A hot pink top for work! It matches the skirt but will also be handy with a black skirt or trousers.

And, as luck would have it, both the skirt and the top came from the same pattern – Simplicity K1202 – which was a free pattern from Sew Magazine, I’m not sure when. I really liked the tulip shape of the skirt – close fitting at the waist, with a nice puff of fabric below the hips – it suited the stiffness of the mohair so well!

The top in this pattern is a basic raglan t-shirt style with a button closure at the back – simple, but I liked the shape of the sleeves and the smaller pattern pieces meant that I could reduce the amount of fabric needed.


The fabric for the top was another find at the bottom of my stash – who knows how long it had been there for? It was a silk crepe with elastane – interestingly, a woven, not knit, fabric, with quite a lot of stretch, and very sheer! I doubled up the fabric at the front for modesty, but left a single layer of fabric for the sleeves and back – it isn’t as sheer as I thought but I’m glad I have two layers for the front part! I haven’t worn it with this skirt as yet (it is -4 outside today!) but the colours match perfectly.

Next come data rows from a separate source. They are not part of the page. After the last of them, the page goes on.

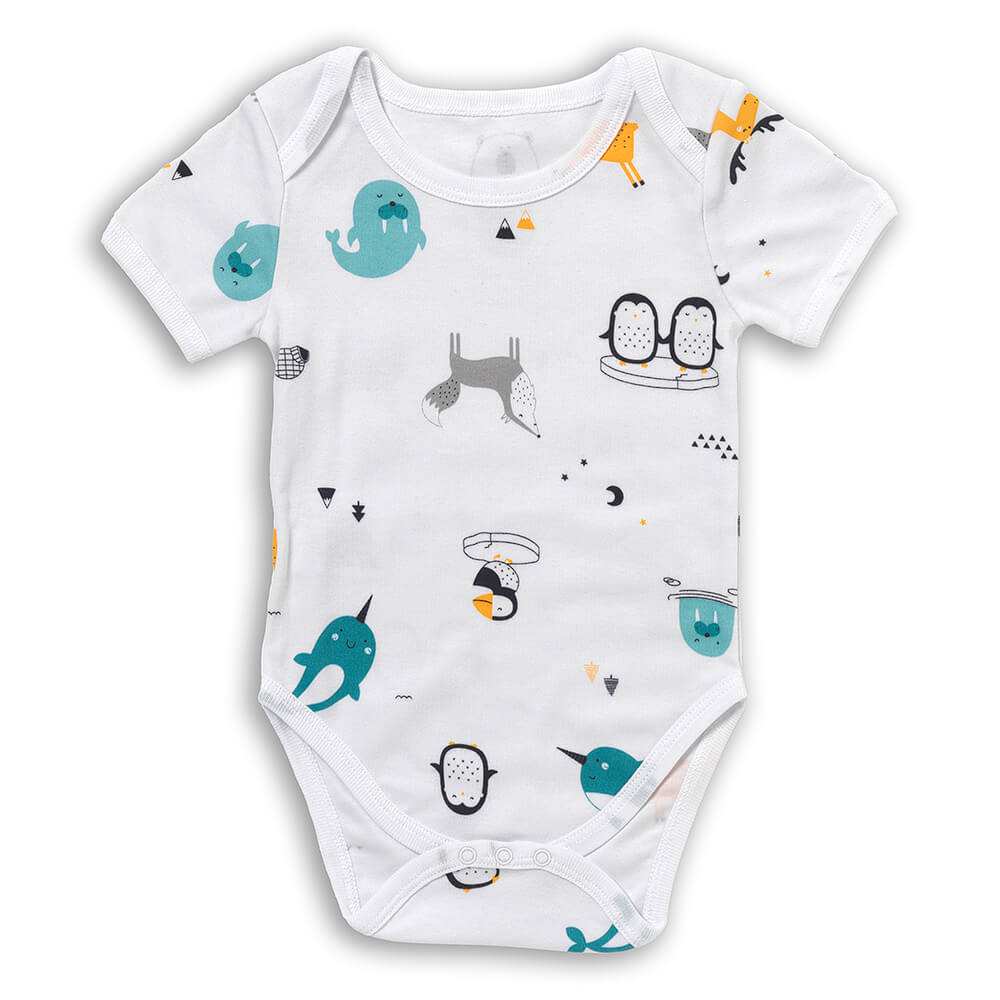 Body bébé manches courtes 100% bio - lot de 5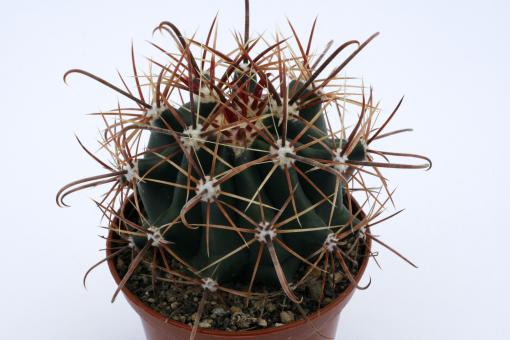 Ferocactus wislizenii *2^ 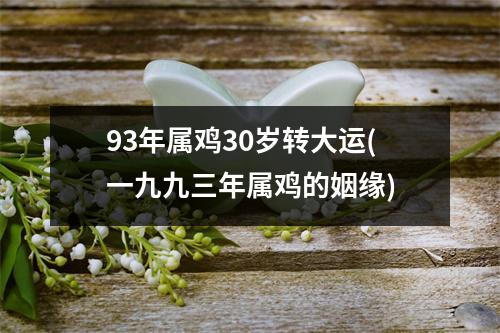 93年属鸡30岁转大运(一九九三年属鸡的姻缘)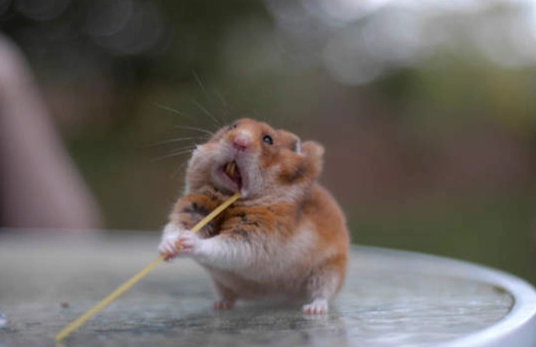 倉鼠飼養注意事項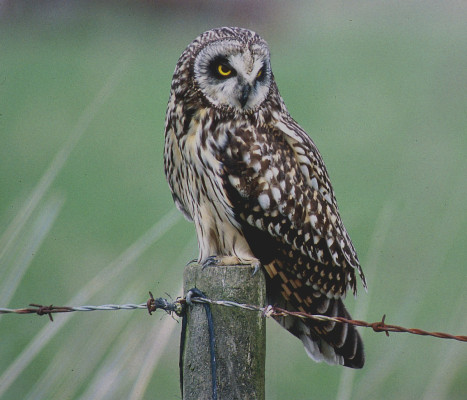 Short-eared Owl <em>Asio flammeus</em> ©Saxifraga-Piet Munsterman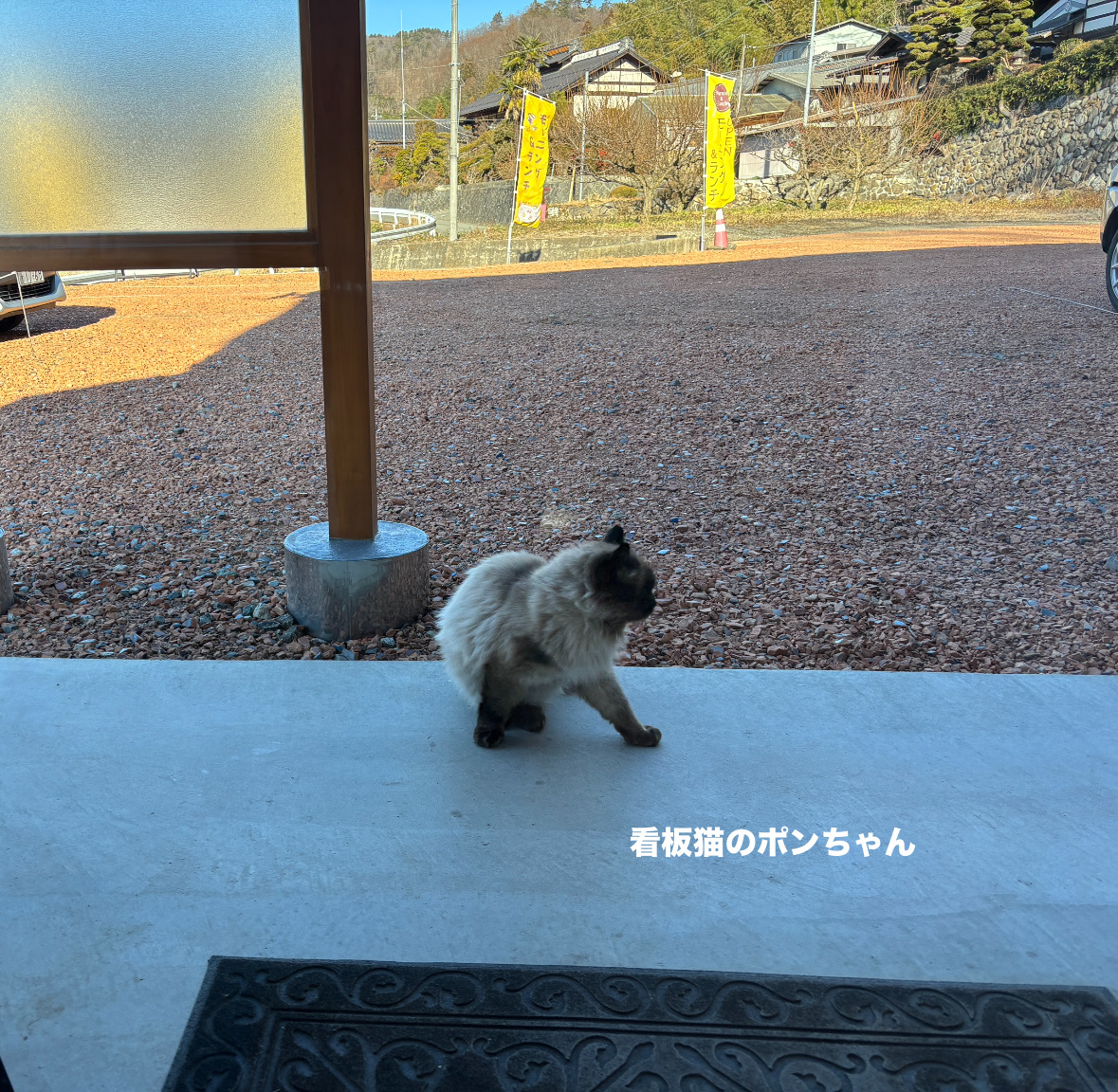 9F2EE710-97CA-43F4-9A62-C8C4A6598F82.jpeg 9F2EE710-97CA-43F4-9A62-C8C4A6598F82.jpeg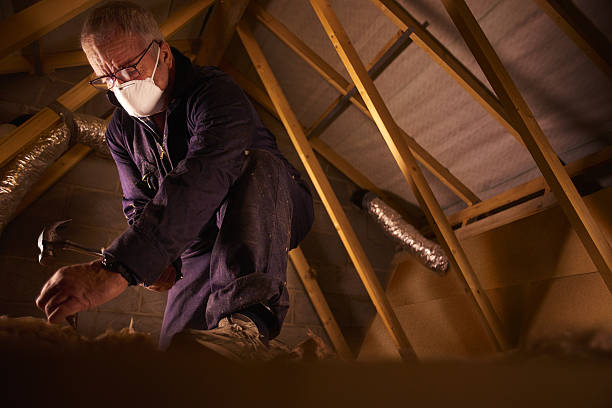 Best Attic Insulation Installation  in North Catasauqua, PA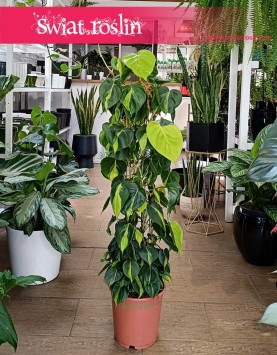 Duży Philodendron Scandens Brasil na kracie, Duży Filodendron Pnący Brasil na stelażu rośliny online sklep internetowy
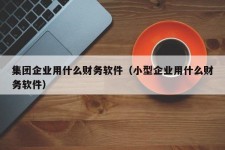 集团企业用什么财务软件（小型企业用什么财务软件）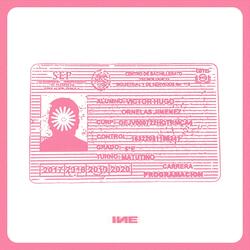 INE (feat. Willie Mireles)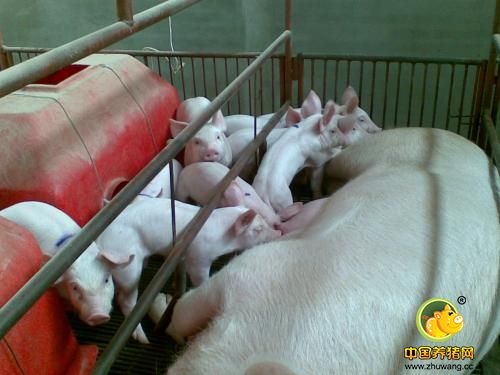 改造母猪产床,减少压仔死亡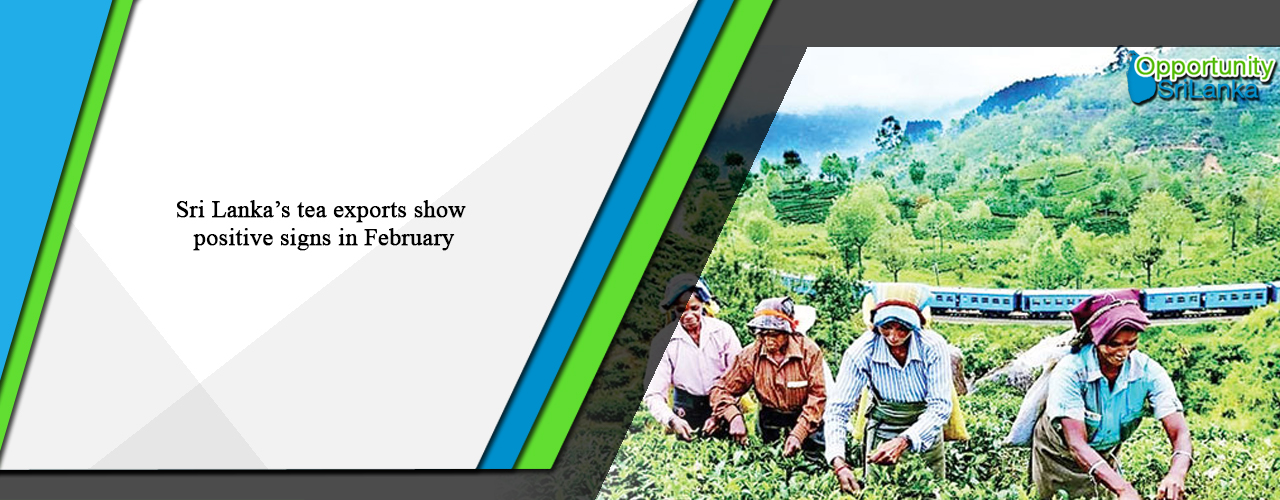 Sri Lanka’s tea exports show positive signs in February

Sewing the pattern was very easy and the pattern instructions were short but straightforward. I made a few changes – I used a silk habotai lining for the skirt (and drafted my own lining pattern without the pleats) and used a Hong Kong seam finish for the skirt edges – probably not strictly necessary given the skirt was lined, but it did make it look neat and I like to know that it’s there even if no-one else ever does! I also used horsehair braid for the hem – using this tutorial (Megan Nielsen How to Sew a Horsehair Braid Hem) – wow, what a revelation that stuff is! It is so easy to use and it seriously reduced the bulk in the hem.


On the inside – just for you guys – horsehair braid hem and Hong Kong seam finishes!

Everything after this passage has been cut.